Voici l’autoroute du futur (mais pas pour tout de suite)

Vue aérienne du concept Razmetkus, par le studio Art Lebedev

Vue aérienne du concept Razmetkus, par le studio Art Lebedev

Depuis quelques années, les entreprises du numérique, Google en tête, se penchent sur le secteur automobile et imaginent des innovations autour de modèles «intelligents», bourrés de capteurs, connectés et pourquoi pas, sans conducteur.

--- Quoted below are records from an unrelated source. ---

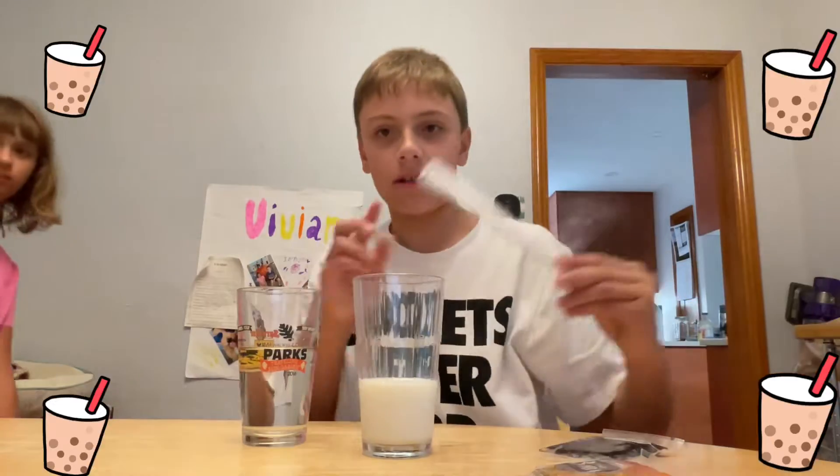What's up guys? I'm Matt Hips here and today I'm back with another video. Today I'm going to show you guys how to make bubble tea at your house. I bought all this kit from Costco, so yeah let's get into it.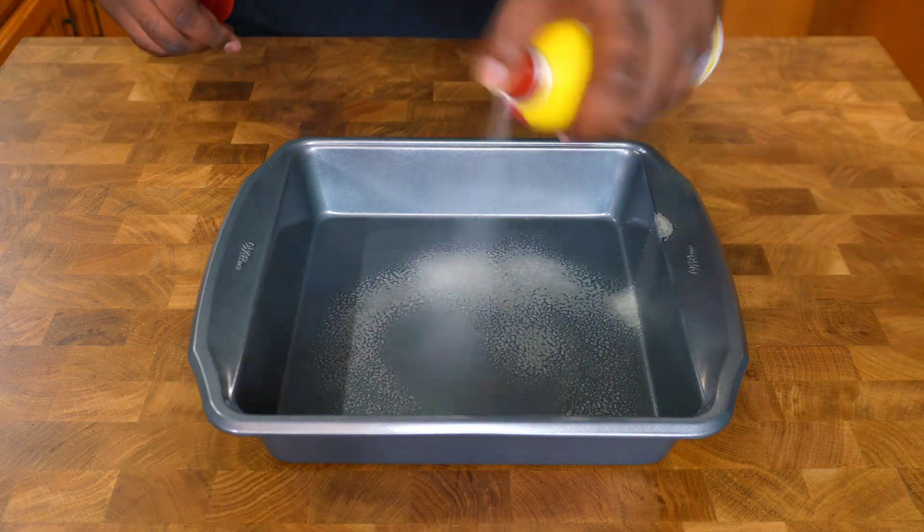Once it's all beat and mixed together, it should look smooth and creamy like this. Now let's go ahead and add it to our cooled-down graham cracker crust. Start pouring in the cheesecake mixture and just let it naturally fill in. Tap to shake out any air bubbles and keep it even. After tapping out the air bubbles, place it inside another pan.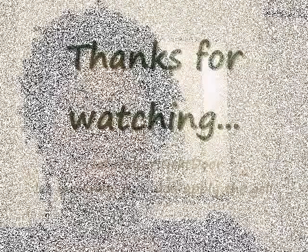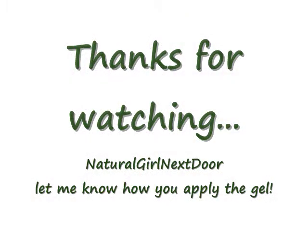And you guys, today's the 28th, last day of Black History Month. I meant to do a video on the 24th because that was my natural anniversary — I've been natural for two months now. I see a lot of growth, so I'm happy, y'all. Peace. Natural girl next door signing out.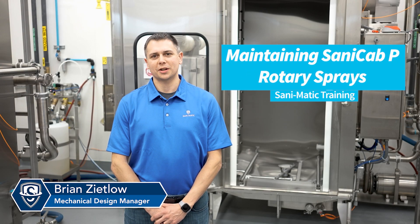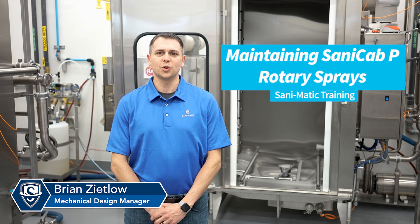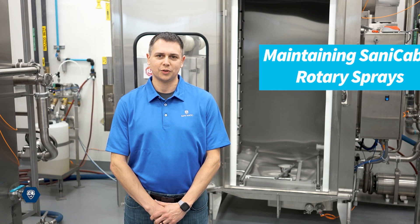Hello, I am Brian Zitlow and today I'm going to take you through how to remove and inspect a rotary spray manifold on a sanding cap.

L’infrastructure routière n’est pas non plus oubliée. Le site Quartz nous apprend qu’un studio de design russe a imaginé un système de signes lumineux interactifs, qui s’afficheraient directement sur la chaussée. Ça s’appelle Razmetkus et, à défaut d’être réalisable dans l’immédiat, c’est très joli. Ce marquage lumineux au sol s’affiche pour informer les conducteurs de l’évolution du trafic, d’une distance trop courte entre leur véhicule et celui qui est devant eux et peut également servir de signalétique routière (tournez à droite, priorité à gauche, vitesse limitée, etc.)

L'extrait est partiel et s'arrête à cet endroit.